Yuhdaru damuhu ! (Le sang d'Untel est déclaré licite !) ... Si la Tunisie neuve, démocratique, mature, gouvernée par des institutions librement choisies est dans l'horizon de toutes les Tunisiennes et tous les Tunisiens, il ne suffit pas, pas du tout, d'écarter l'orateur dénommé Houcine Labidi, autoproclamé " imam " dans la mosquée la plus prestigieuse de la Capitale. La législation, celle que nos élus à l'Assemblée Nationale Constituante préparent, devra souligner qu'instruire et juger ne peut être qu'un acte confié au seul corps judiciaire à l'exclusion de toute autre instance.
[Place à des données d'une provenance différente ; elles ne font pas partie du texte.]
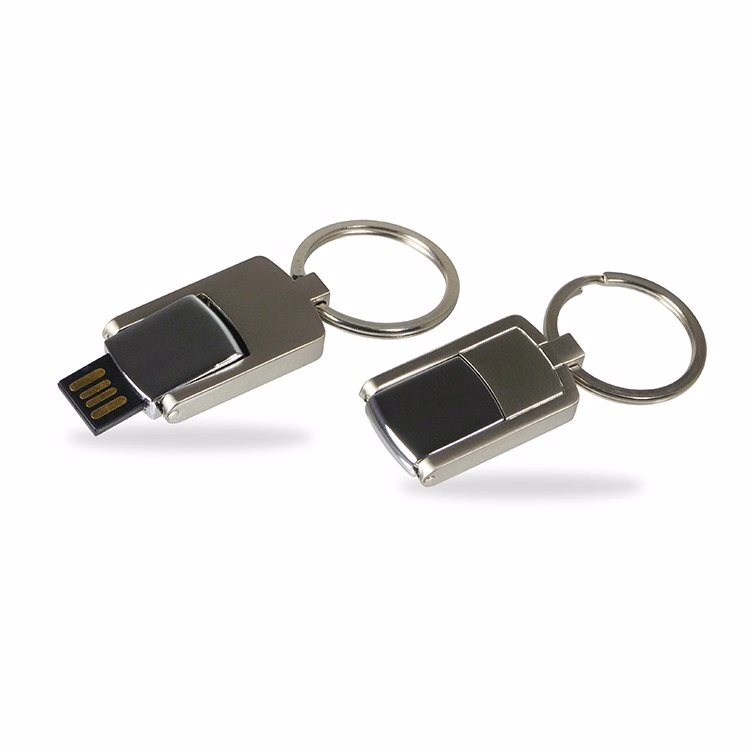 1860FMS - Swivel Flash Drive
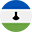 Lesotho flag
Nul excès, nulle rhétorique, nulle passion dans cette position que je formule avec toute la sérénité du citoyen paisiblement patriote et lucidement républicain. Nulle envie de voir la justice brandir son glaive pour punir, mais plutôt pour prévenir et dissuader la barbarie et la mort, avant que le démon de l'inquisition n'étende sur nos ciels azuréens ou étoilés ses couvercles de nuits opaques.
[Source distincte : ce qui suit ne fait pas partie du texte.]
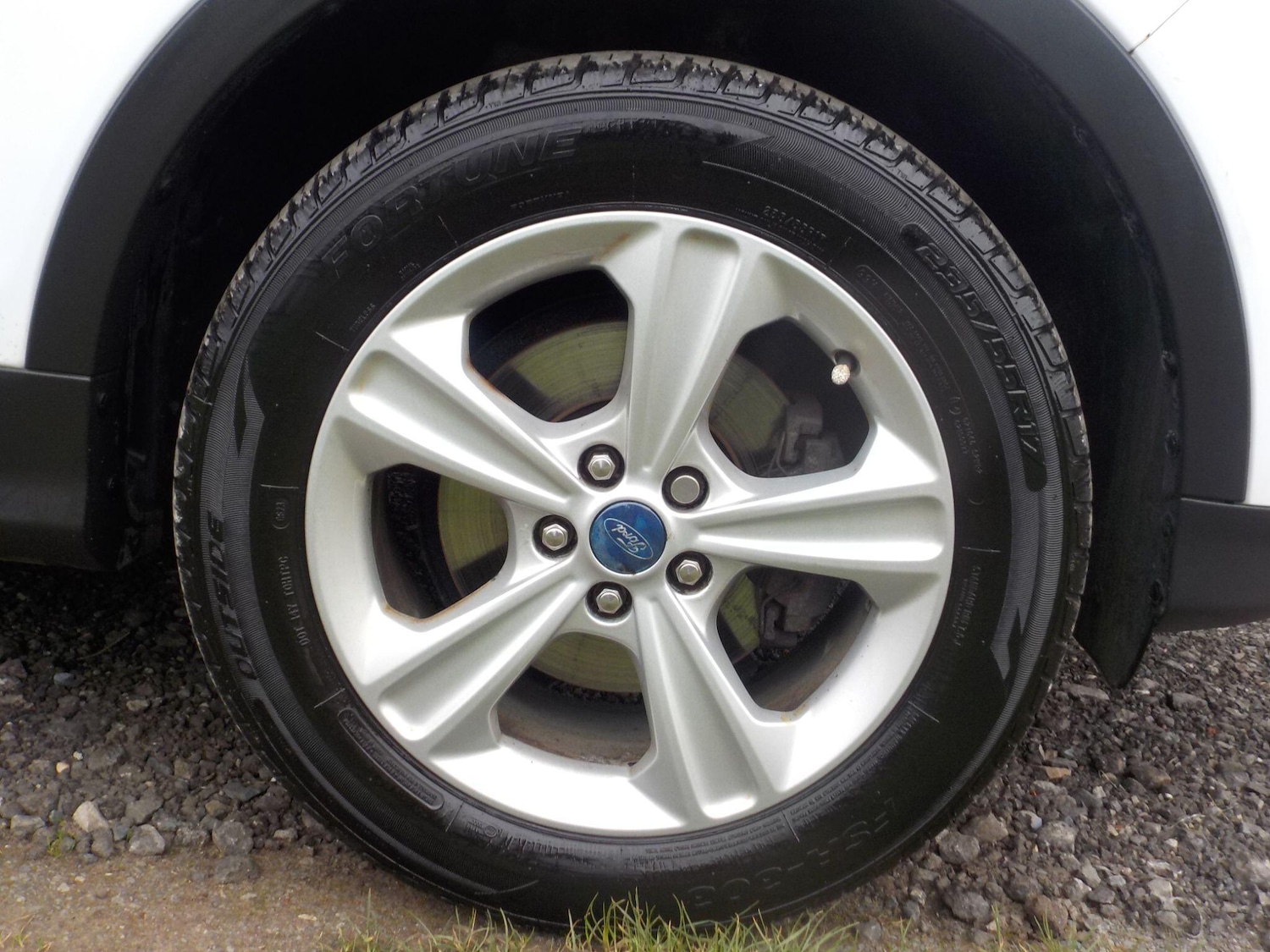 Used Ford Kuga 2015 for sale - 77993826: Photo 9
Ecoutez plutôt, et voyez si j'exagère en prenant ce ton alarmé et solennel : L'homme, cet imam qui vient heureusement de perdre son minbar, son illégitime tribune supposée rassembleuse plus que toute autre, ce Monsieur donc, perçoit un incident dans la Cité, comme tout un chacun, fait son instruction tout seul, tout seul consulte son texte de lois, en fait tout seul lecture et interprétation juridique, tout seul prononce l'irrémédiable sentence, et seul enfin confie l'exécution à la foule de ceux qui lui ont donné leur Bon Dieu sans confession. C'est bien le cas de le dire, puisque, ils le croient si bien qu'ils lui confient leur prière et leur âme !
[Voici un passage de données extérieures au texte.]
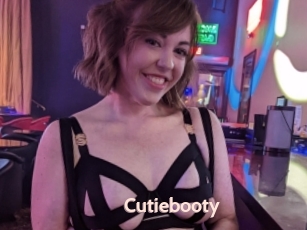 Cutiebooty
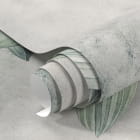 Miniatura fototapety Malownicze liście fragment #1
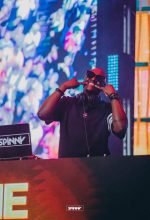  On top!!! DJ Spinny listed among Africa’s best DJs of 2024 by Hotlist Africa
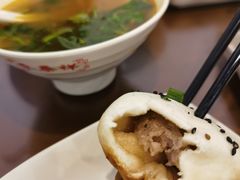 -东泰祥生煎馆(长宁路店)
Le jugement terrifiant est sans appel. Mais qui ferait donc appel quand c'est Dieu qui décrète ? Car c'est bien ainsi que Labidi a parlé. "Mais non, a-t-il crié, ce n'est pas moi qui le dit, c'est Dieu ! L'artiste d'Al-Abdelyya est impie, tout impie est damné, et tout damné mérite que son sang soit rendu licite !... "CQFD (Ce Qu'il Fallait Démontrer). Il ne reste plus au fidèle le plus pieux, le plus pressé d'avoir son blanc seing pour le paradis que de se faire bourreau au service de Monsieur le Juge !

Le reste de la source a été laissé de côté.